Congress sent a clear message that the U.S. will not tolerate impunity or violations of human rights in Venezuela, U.S. Rep. Ileana Ros-Lehtinen (R-FL) said in a statement Wednesday.

“I call on President (Barack) Obama and the State Department to vigorously enforce the sanctions against Venezuelan officials swiftly,” Ros-Lehtinen said.

This is a delicate time for the United States to engage in finger pointing, and Kerry seemed to acknowledge it. On Tuesday, the Senate Select Committee on Intelligence released a much-anticipated report highlighting alleged the CIA’s cruel interrogation techniques.

“We hold ourselves accountable to an ugly, horrible period, and we should be proud of our ability to do that,” Kerry said.

He also said the United States needs to do more to reduce its addiction to narcotics and curb the flow of guns into violence-plagued Mexico.

“Too many Americans are the consumers of drugs that transit Mexico and Central America,” he said, “And that trade will exist as long as there is demand.”

The remarks come as former President Bill Clinton is hosting business and political leaders from the region Thursday at the University of Miami. The Future of the Americas summit will focus on investment, education and health, and employment — and organizers said that one of the hopes is to provide the region’s leaders actionable goals for the Panama gathering.

Kerry is scheduled to travel to Peru on Thursday where he will attend the U.N. climate talks before continuing on to Colombia. In his speech, he called climate change one of the region’s greatest challenges and opportunities.

The $6 trillion energy market is ripe for innovation and holds the key to the environment, he said. By overhauling the energy sector, “We can actually deal with the problem of climate change, make a lot of money, create a lot of jobs,” he said.

But all those issues will likely be obscured if Cuba attends next year’s summit. Meetings between U.S. and Cuban authorities are so rare that when Obama and Cuban leader Raúl Castro shook hands earlier this year in South Africa, it dominated headlines.

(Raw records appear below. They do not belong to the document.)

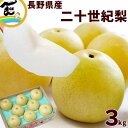 和梨 二十世紀梨 長野県 原りんご園 二十世紀梨 3kg 秀品 (7~9玉) 20世紀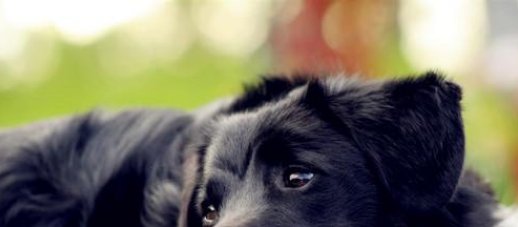  孩子|狗妈妈复仇记，孩子惨遭杀害，放弃投胎也要报今世之仇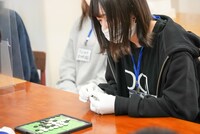 メインディッシュ・アカネ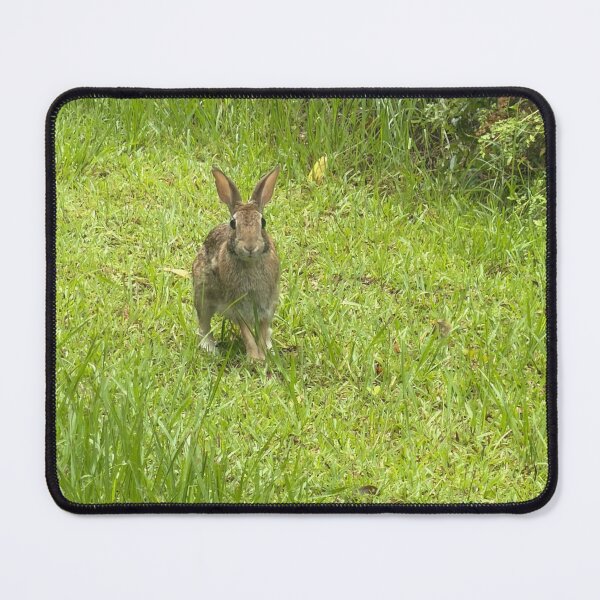 Item preview, Adorable Bunny in Natural Habitat designed and sold by Pearls1.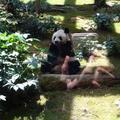 瓦力73999933头像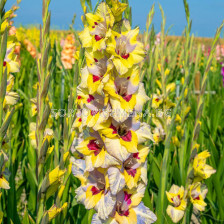 Гладиол /Gladiolus  'Oracle' /1 бр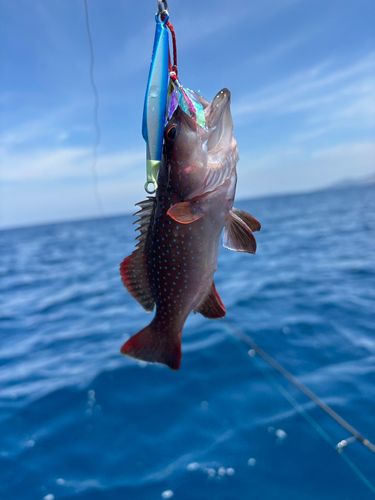 スジアラの釣果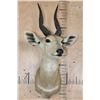 Image 2 : BUSHBUCK Shoulder Mount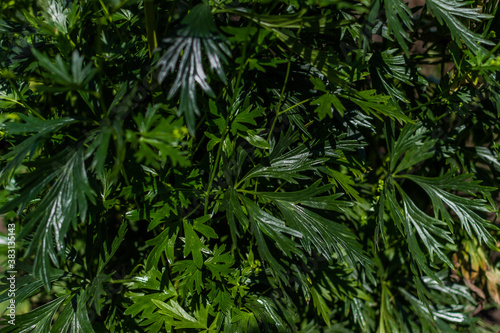 Fototapeta Naklejka Na Ścianę i Meble -  Shiny carved aconite leaves, monkshood, wolfsbane on a green bush, foliage perennial plant in summer garden in sun light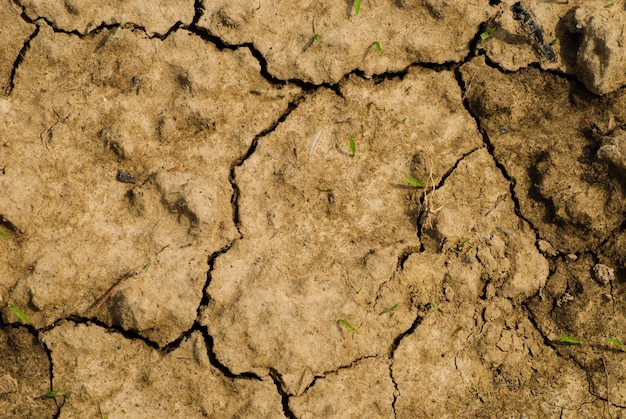 Textura de suelo seco con nuevos brotes verdes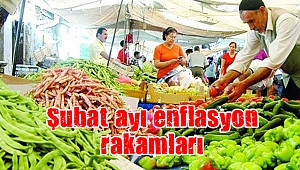 Şubat ayı enflasyon rakamları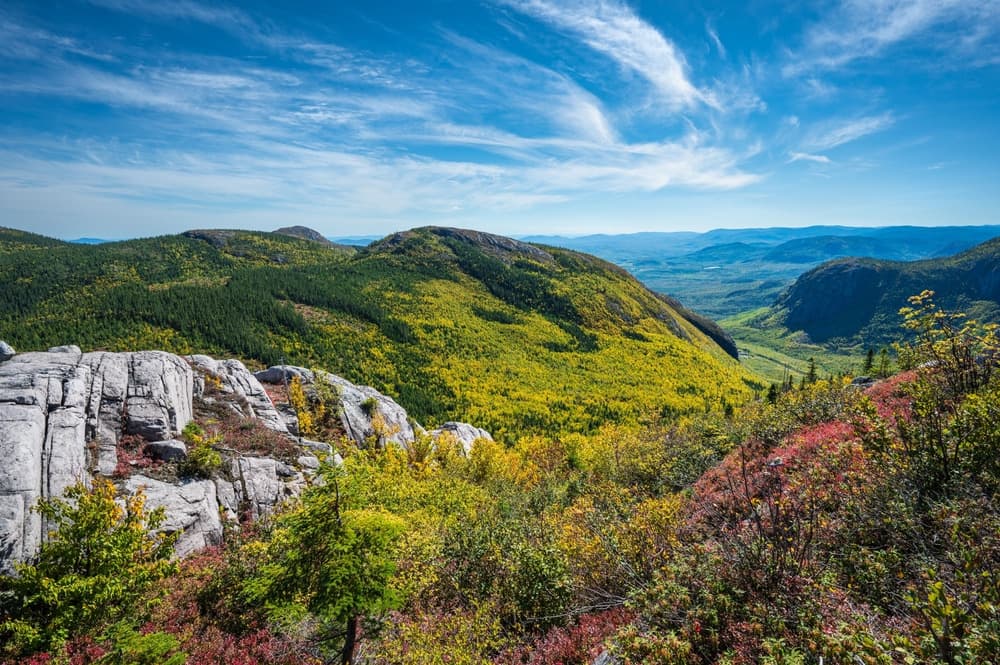 Grands-Jardins National Park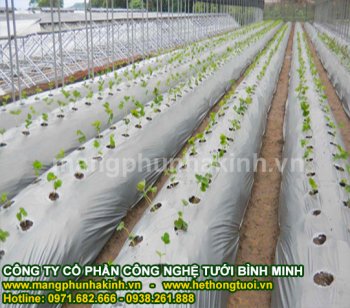 công ty màng phủ nông nghiệp hà nội.jpg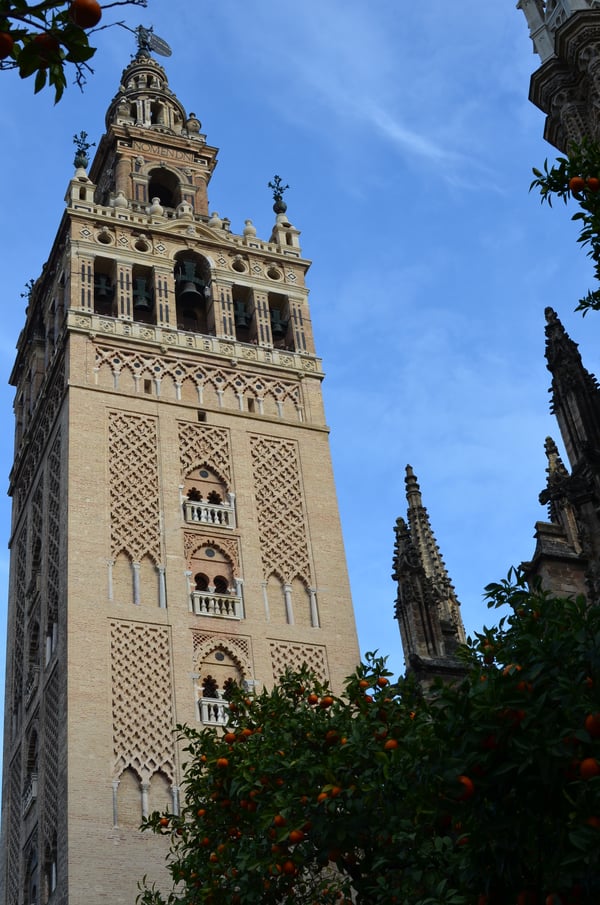 Proctor en Segovia visits the Cathedral of Sevilla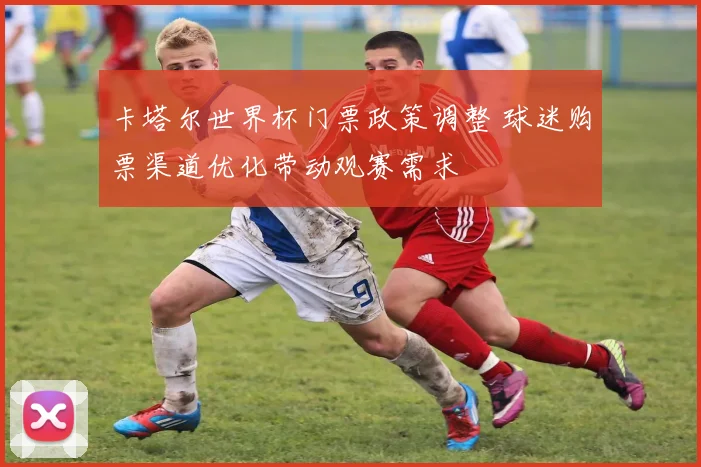 卡塔尔世界杯门票政策调整 球迷购票渠道优化带动观赛需求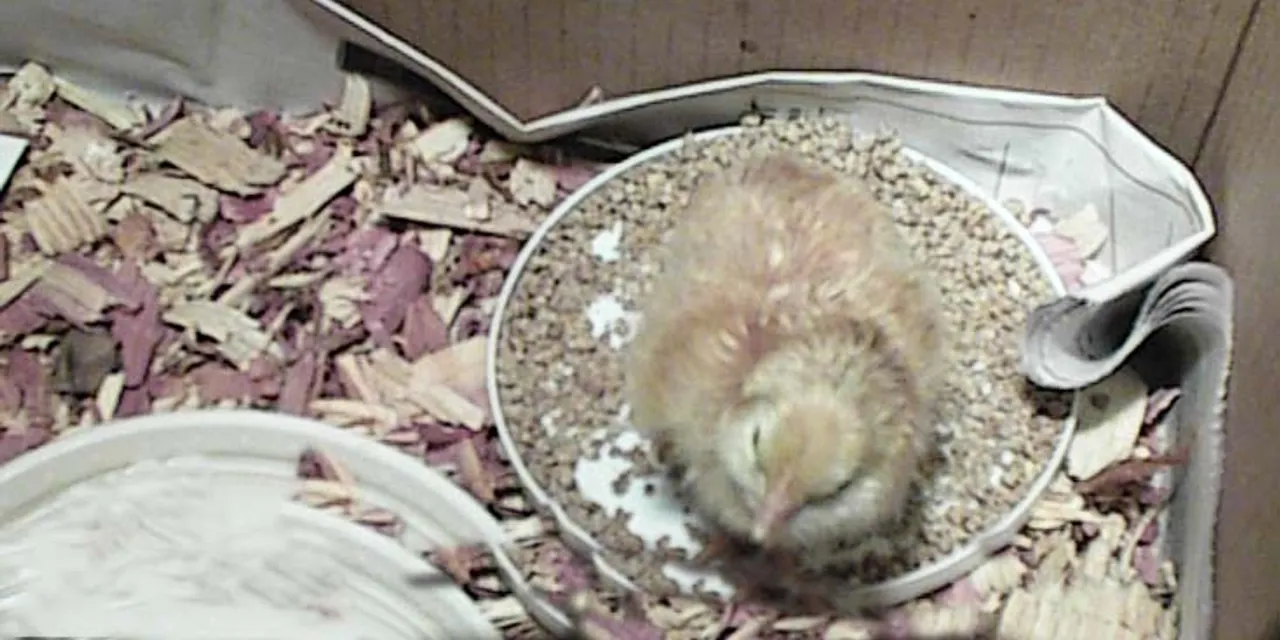 A chick hatches in the Lower School pre-k classroom during the letter "C" week.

The United States and Canada have long maintained that a meeting of the region’s democracies was no place for the hemisphere’s only dictatorship, but they’ve faced push-back, even from staunch allies.

Among the obstacles in the U.S.-Cuba relationship is the fate of Alan Gross, the USAID subcontractor who has served five years of a 15-year sentence on the island for bringing satellite communications equipment into Cuba as part of a democracy-building program.

“We’ve been in conversations about how we can get Alan Gross home for quite some time,” Obama told Fusion network on Tuesday. “We continue to be concerned about him.”

The United States wants to see more from Cuba, the president said. “I’ve made very clear that the policies we have in making remittances easier for Cuban families and making it easier for families to travel, have been helpful to people inside of Cuba, but the Cuban government still needs to make significant changes.”

Kerry said it was key that the next summit be “inclusive.”

“If there’s one thing that I’ve learned in my years in public life,” he said, “it is that all societies are stronger when all of the citizens have a say and stake in the success of that society.”

Miami Herald Staff Writers Mimi Whitefield and Jacqueline Charles contributed to this report.